The Week: Federal Reserve: not enough or too much?

The Federal Reserve surprised markets by announcing a 50bps interest rate cut in an attempt to calm market nerves. The move hit a bum note, prompting a further sell-off in the equity market and the 10-year treasury yield to hit new lows. Not enough or too much?


  • Markets reacted poorly to the move from the Federal Reserve to cut rates
  • Other central banks have less scope to manoeuvre
  • The rate cut may not prevent a recession, but could hasten the bounce-back

Markets had been anticipating some reaction from central banks. The rally on Monday after a week of solid falls was attributed largely to an assumption that the Federal Reserve and others would cut. However, when the cut came – faster than expected - markets weren’t impressed.

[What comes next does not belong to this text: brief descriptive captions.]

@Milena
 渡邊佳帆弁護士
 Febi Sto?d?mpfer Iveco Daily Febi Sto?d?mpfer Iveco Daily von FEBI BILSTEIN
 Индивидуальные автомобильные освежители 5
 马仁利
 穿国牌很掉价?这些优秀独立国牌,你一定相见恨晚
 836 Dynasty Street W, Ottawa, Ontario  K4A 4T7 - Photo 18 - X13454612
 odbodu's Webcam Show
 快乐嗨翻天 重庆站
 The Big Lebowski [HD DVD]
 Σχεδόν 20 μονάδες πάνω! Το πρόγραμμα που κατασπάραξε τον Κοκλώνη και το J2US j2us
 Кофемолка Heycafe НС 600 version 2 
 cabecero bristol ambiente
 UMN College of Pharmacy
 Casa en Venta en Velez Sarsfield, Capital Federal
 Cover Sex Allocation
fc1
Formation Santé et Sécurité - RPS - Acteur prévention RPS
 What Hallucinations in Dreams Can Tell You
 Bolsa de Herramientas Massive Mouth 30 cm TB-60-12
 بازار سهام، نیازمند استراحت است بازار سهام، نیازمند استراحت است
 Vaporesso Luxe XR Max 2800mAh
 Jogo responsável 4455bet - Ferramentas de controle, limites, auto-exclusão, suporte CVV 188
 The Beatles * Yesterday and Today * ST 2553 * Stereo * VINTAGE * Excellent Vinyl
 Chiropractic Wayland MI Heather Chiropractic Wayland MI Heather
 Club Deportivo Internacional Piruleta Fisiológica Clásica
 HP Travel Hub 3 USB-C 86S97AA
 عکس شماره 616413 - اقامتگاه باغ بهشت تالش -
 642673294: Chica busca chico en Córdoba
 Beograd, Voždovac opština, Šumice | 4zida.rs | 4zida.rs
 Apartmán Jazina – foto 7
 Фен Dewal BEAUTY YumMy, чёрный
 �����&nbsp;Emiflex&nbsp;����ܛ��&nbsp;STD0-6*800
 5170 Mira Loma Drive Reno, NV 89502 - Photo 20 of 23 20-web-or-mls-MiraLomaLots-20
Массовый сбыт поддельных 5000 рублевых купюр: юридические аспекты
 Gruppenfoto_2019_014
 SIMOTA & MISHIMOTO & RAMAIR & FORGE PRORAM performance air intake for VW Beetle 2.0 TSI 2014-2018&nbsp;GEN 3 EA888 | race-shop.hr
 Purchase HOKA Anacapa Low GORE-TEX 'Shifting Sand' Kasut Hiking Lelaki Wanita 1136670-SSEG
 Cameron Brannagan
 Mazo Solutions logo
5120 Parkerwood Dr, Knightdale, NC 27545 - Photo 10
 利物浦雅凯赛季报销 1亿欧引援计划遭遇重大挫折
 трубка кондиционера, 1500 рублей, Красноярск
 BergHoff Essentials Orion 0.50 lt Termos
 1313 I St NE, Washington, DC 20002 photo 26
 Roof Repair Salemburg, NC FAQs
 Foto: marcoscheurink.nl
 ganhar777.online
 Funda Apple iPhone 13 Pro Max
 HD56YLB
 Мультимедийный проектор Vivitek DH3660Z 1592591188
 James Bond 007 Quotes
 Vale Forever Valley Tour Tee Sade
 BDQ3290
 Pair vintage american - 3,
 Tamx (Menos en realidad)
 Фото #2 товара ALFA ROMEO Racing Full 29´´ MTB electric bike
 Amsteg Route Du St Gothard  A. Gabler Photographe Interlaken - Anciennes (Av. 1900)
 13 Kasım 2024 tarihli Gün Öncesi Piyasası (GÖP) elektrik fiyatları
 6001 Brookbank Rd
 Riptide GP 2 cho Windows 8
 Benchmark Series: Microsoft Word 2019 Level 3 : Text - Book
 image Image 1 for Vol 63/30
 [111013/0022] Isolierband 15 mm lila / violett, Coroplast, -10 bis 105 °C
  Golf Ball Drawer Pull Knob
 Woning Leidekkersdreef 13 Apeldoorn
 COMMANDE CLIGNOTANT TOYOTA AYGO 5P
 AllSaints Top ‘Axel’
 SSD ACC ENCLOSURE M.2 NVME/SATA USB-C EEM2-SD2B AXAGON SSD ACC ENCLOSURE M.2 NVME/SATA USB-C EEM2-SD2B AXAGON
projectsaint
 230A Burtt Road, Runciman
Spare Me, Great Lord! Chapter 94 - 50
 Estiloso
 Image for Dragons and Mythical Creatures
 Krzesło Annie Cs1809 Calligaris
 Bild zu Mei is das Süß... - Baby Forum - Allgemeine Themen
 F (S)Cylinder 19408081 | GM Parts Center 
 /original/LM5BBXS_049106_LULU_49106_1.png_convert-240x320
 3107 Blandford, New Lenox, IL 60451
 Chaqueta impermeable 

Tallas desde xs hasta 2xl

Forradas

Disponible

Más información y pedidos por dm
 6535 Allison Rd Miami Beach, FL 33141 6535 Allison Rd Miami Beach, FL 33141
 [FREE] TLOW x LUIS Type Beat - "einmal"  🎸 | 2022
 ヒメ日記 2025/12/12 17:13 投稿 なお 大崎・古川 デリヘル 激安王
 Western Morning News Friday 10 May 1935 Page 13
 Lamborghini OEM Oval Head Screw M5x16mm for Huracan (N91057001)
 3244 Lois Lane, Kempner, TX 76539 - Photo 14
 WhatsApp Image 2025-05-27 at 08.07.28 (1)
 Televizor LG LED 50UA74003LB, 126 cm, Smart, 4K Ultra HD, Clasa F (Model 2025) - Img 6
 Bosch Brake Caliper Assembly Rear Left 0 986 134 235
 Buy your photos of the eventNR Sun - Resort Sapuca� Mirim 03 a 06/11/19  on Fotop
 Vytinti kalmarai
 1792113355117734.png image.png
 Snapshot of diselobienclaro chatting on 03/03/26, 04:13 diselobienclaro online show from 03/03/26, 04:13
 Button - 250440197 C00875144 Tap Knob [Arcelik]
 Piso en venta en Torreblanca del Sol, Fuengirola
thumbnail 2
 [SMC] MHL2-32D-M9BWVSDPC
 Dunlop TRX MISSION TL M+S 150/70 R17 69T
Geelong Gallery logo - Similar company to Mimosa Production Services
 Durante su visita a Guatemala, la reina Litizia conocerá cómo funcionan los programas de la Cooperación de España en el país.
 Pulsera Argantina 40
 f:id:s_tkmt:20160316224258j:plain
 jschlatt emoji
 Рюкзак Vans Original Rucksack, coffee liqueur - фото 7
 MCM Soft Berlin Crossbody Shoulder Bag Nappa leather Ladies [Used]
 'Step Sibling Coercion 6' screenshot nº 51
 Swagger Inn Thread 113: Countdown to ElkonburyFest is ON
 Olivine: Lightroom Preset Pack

Some speculated that the interest rate cut acknowledged the seriousness of the crisis; it showed that central banks feared major economic repercussions. However, the more common view is that it wasn’t enough. Markets were hoping for more than they got, given the sharp deterioration in financial conditions. 

Is more monetary easing on the cards? The Federal Reserve still has room to cut rates and resume its quantitative easing programme. However, other central banks can’t say the same. For the ECB, another rate cut could be counterproductive, threatening the fragile profitability of the region’s banks. The central bank may do it anyway, but it may not prove as effective. The Bank of England may cut, as could the Bank of Japan, but these too are likely to be less effective than further action by the Fed.

There is also a question of whether it will make a significant difference. The impact of the virus remains unknown and small interest rate cuts will do little to combat a major economic shock. The healing power of monetary policy relies to some extent on the confidence it engenders in markets and that may not be happening. 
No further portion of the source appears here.